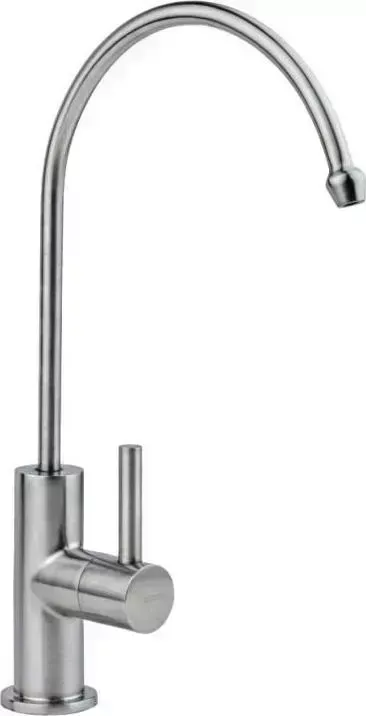 Смеситель для кухни Longran Logic LC2102SS Stainless Steel (Кран чистой воды)
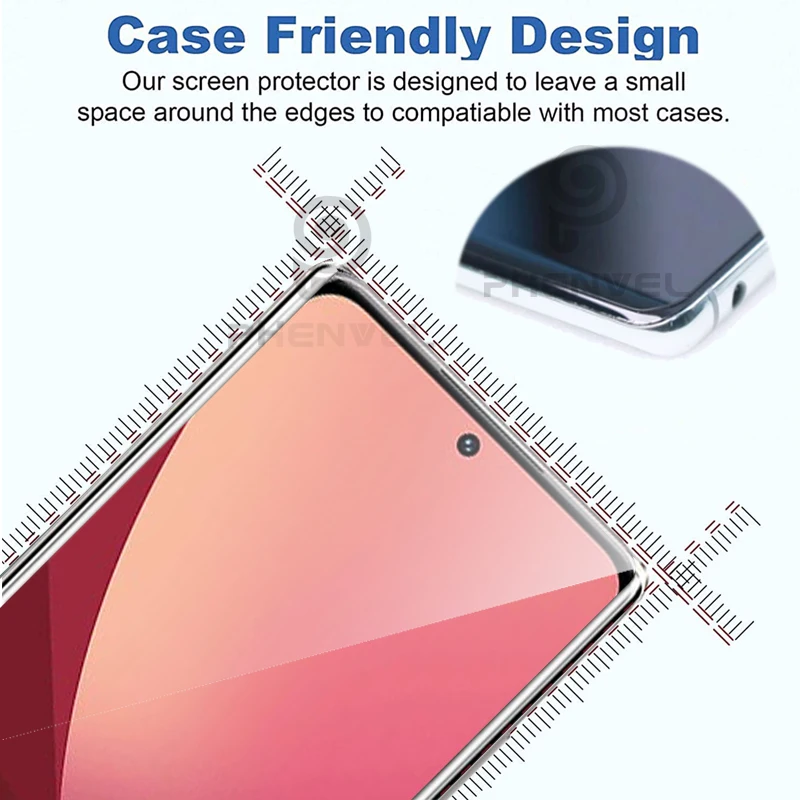 Szkło ochronne 3D do Xiaomi 12 Pro Pełna osłona ekranu do Xiomi Mi 12 12S Ultra Anti Shatter Folia ze szkła hartowanego — zdjęcie produktu 5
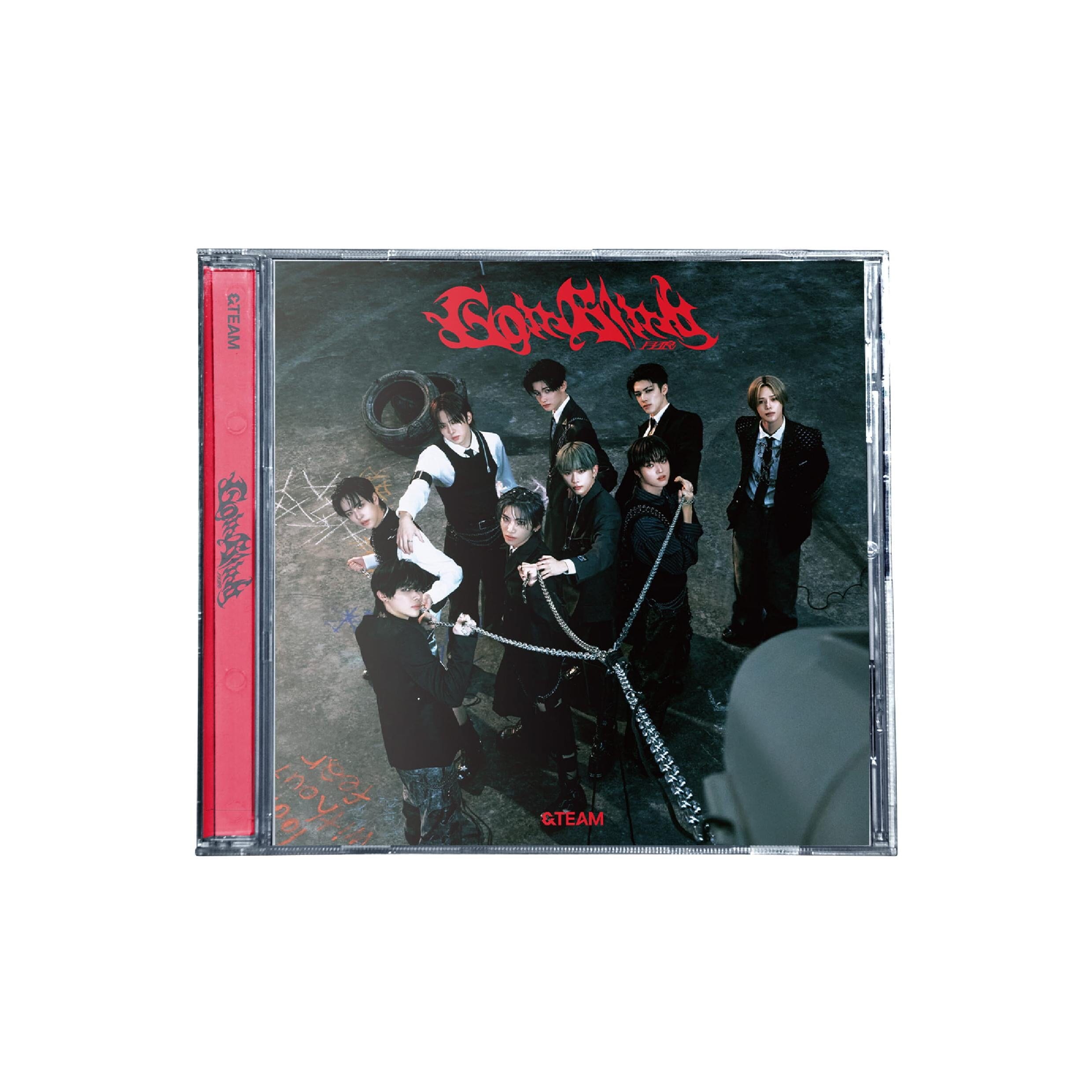 &TEAM Go in Blind CD 通常版 19枚セット team-go-in-blind-nolae-876955.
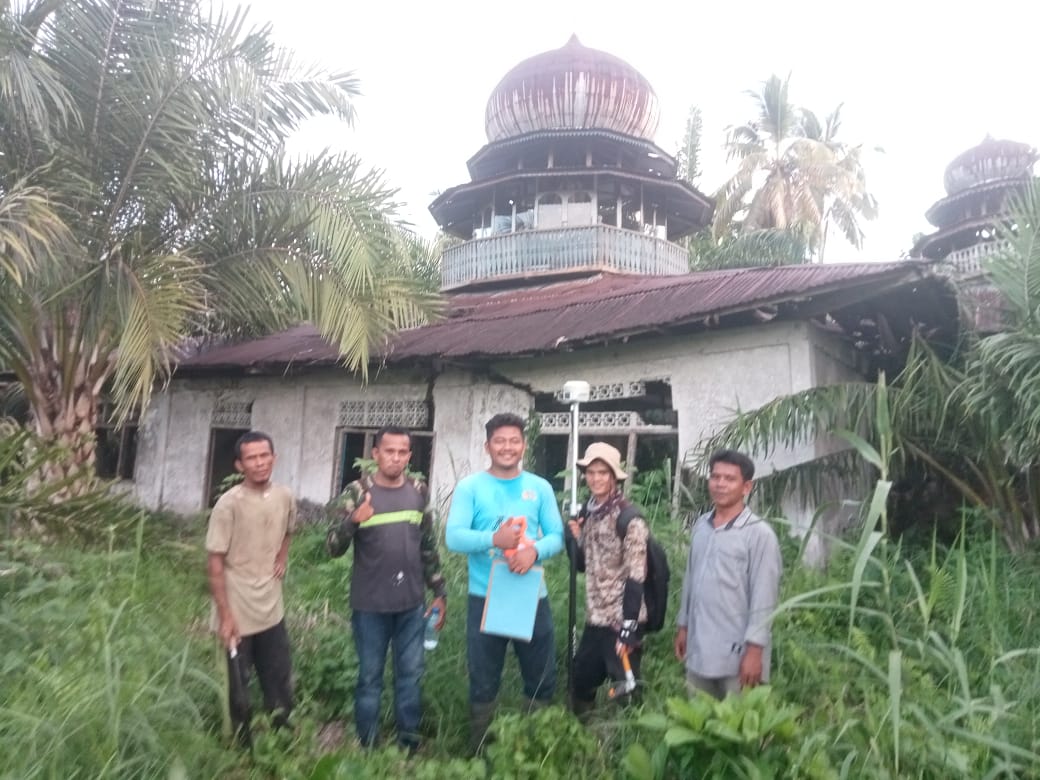 Warga Asal Kampong Lae mate Mewakafkan Tanah Pelaksanaan pembangunan Masjid di kampong Lae mate lama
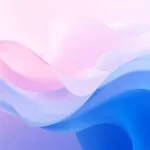 Pastel Color Palette Abstract Flow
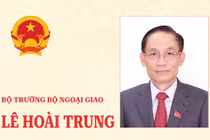 [INFO] Chân dung Bộ trưởng Bộ Ngoại giao Lê Hoài Trung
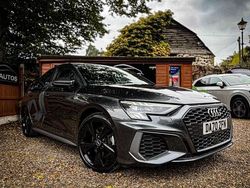 Grey Used 2020 Audi A3 S-Line Sedan | £21,500 (Fair price)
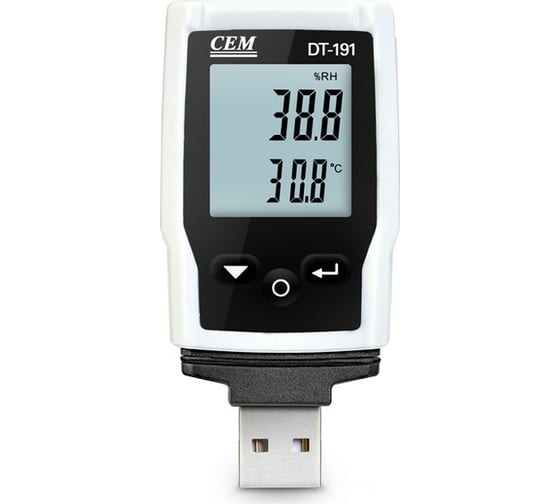 Регистратор температуры и влажности СЕМ DT-191A 482520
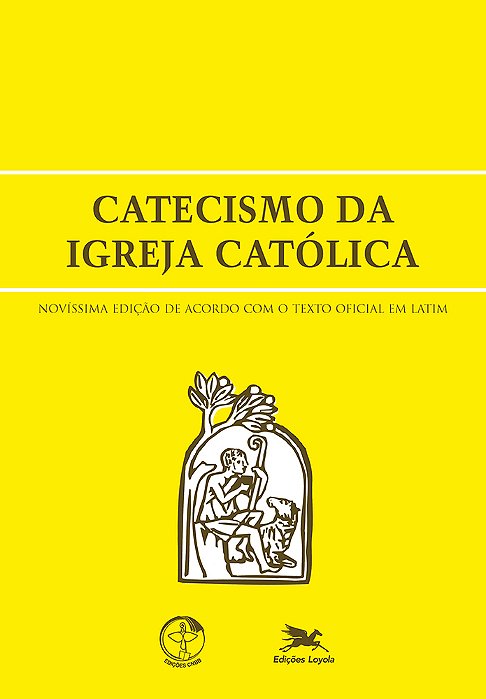Catecismo Da Igreja Católica (Grande) Edição Típica Vaticana - Dimensões: 16Cm X 23Cm (Larg X Alt)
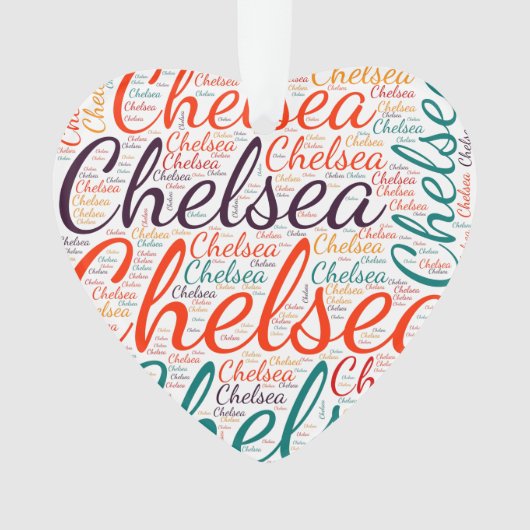 Chelsea Ornament (voorkant)
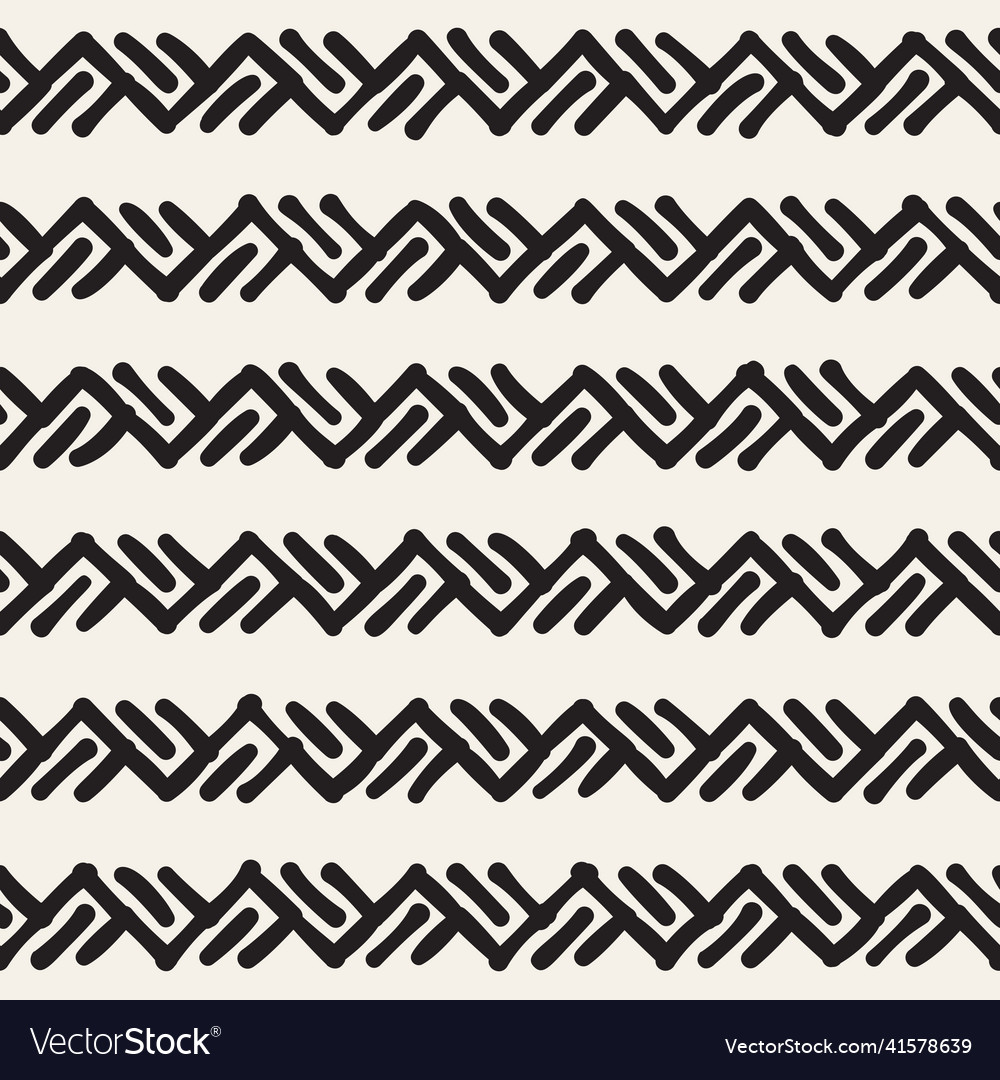 Seamless pattern repeating geometric elements Vector Image Seamless pattern repeating geometric elements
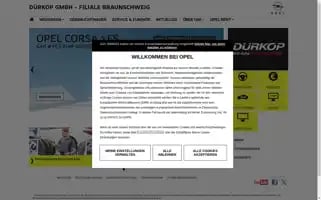Opel-duerkop-braunschweig.de Screenshot 2024-07-09 09:32:57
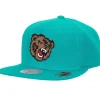 Mitchell & Ness Snapback-Dead Remix Deadstock Snapback Hwc Vancouver Grizzlies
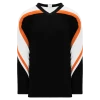 Athletic (AK) Knit Athletic Knit (AK) H550BY-PHI624B Youth Philadelphia Flyers Third Black Hockey Jersey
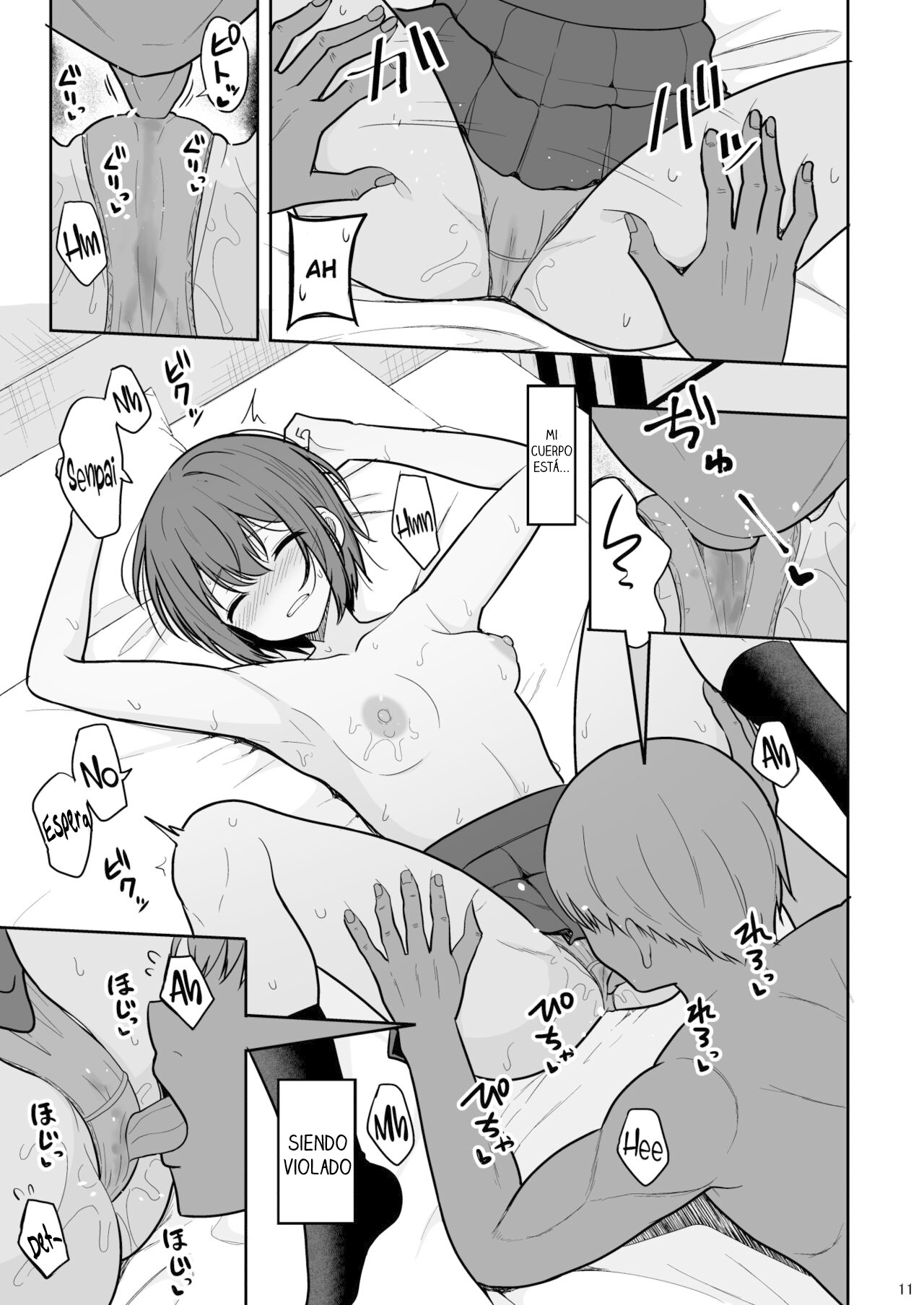 Boyish na Kanojo o Ecchi na Mesu ni Suru made - Hasta que mi novia tomboy se vuelva una chica pervertida page 10 full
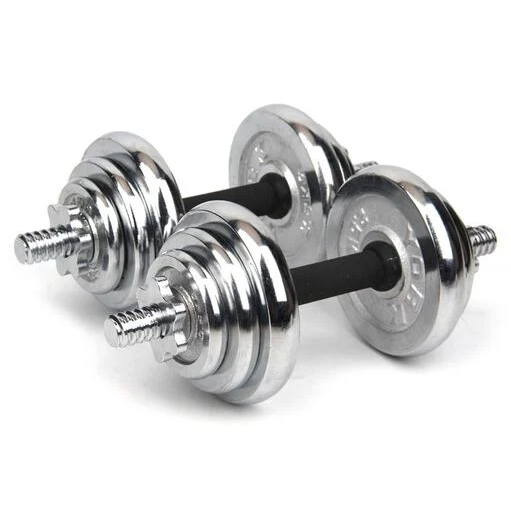 Set de Mancuernas 20kg con Maleta Ironfit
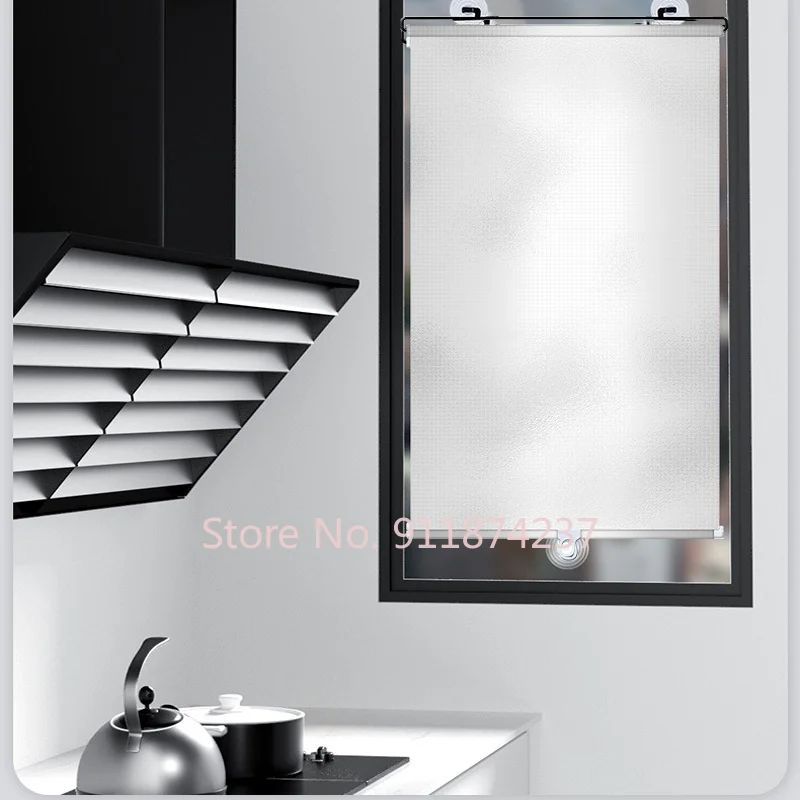 Roller Blinds Home Roller Blinds Blackout Curtain and Thermal Insulation Roller Blinds Without Drilling Curtains for Bedroom Kitchen Office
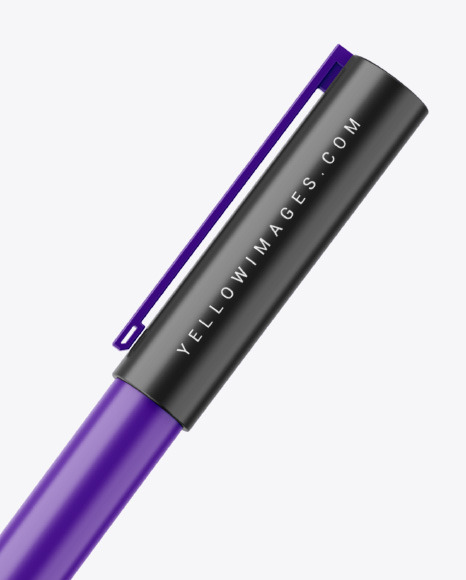 Matte Pen Mockup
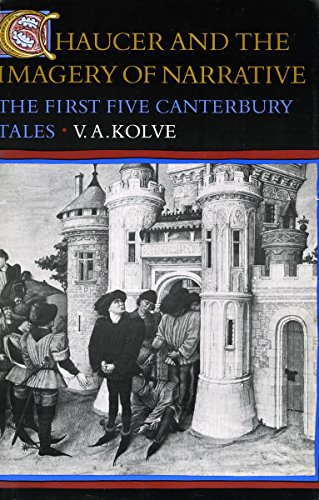 Beispielbild fr Chaucer and the Imagery of Narrative : The First Five Canterbury Tales zum Verkauf von Better World Books: West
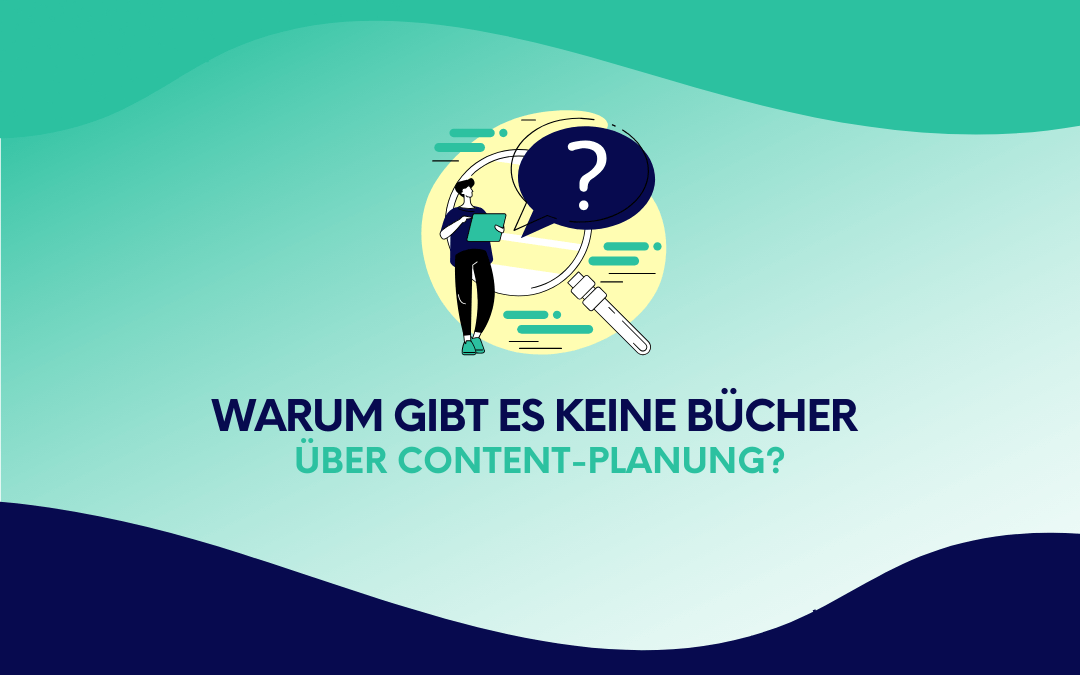 🤔 In den letzten Monaten habe ich sehr viel zum Thema Content-Planung recherchiert. 😱 Es gibt kaum Literatur zu dem Thema. Ich habe meine Erkenntnisse in einem Beitrag gesammelt: ⬇️ Darum gibt es keine Bücher über Content-Planung. #contentplanung stephanieakowalski.de/warum-gibt-es-…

* * * * * * *

[Try it]: The lines running from the one with "Matte Pen Mockup" to the close of the material above are to be retyped exactly; no picture is to be included.

[Expected output]:
 Matte Pen Mockup
 Beispielbild fr Chaucer and the Imagery of Narrative : The First Five Canterbury Tales zum Verkauf von Better World Books: West
 🤔 In den letzten Monaten habe ich sehr viel zum Thema Content-Planung recherchiert. 😱 Es gibt kaum Literatur zu dem Thema. Ich habe meine Erkenntnisse in einem Beitrag gesammelt: ⬇️ Darum gibt es keine Bücher über Content-Planung. #contentplanung stephanieakowalski.de/warum-gibt-es-…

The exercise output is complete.